Cresce il bisogno di una felicità raggiunta attraverso lo studio, ma tutta terrena. Governanti e filosofi si interrogano sul fondamento delle forme politiche. E, come si può ammirare nel capolavoro del Lorenzetti al Palazzo Pubblico di Siena, gli artisti si incaricano di trasmettere ai cittadini le immagini del buongoverno e delle sue degenerazioni. Nei suoi scritti, Marsilio da Padova sostiene con decisione che si difende la pace affermando l’autonomia della legge civile e della sfera politica. Aristotele resta il punto di riferimento, ma le prospettive da cui lo si esamina sono molteplici e in contrasto tra loro. I filosofi aristotelici possono tranquillamente condurre le loro indagini al riparo proprio di quelle formule (come loquens ut naturalis, cioè “parlando da filosofo naturale”) che pochi decenni prima avevano sollevato violenti contrasti.
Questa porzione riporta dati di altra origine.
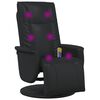 vidaXL Massage Recliner Chair with Footrest Black Faux Leather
Ogni teoria si misura sempre più frequentemente con posizioni contemporanee piuttosto che con le teorie del passato, considerate sempre meno come auctoritates e sempre più come fonti su cui discutere.
Sullo sfondo storico di questa polifonia intellettuale si aggira per l’Europa lo spettro di una guerra, quella dei Cento anni, che avrebbe segnato l’affermazione degli Stati nazionali; il papato, dal 1309 “in cattività” ad Avignone, cerca soprattutto con Giovanni XXII di mantenere un’egemonia sempre più incrinata dal dissenso dei movimenti religiosi che si richiamano alla povertà evangelica; l’impero cede il passo alla forza crescente delle monarchie di Francia e Inghilterra. Ma soprattutto, dalla metà del secolo la peste inizierà a flagellare l’Europa, assestando un colpo terribile a quella civiltà medievale che si rappresentava irradiata dalla luce e dai colori e, come si legge nel sermone di un predicatore del XIV secolo, immaginava persino il paradiso come una immensa biblioteca.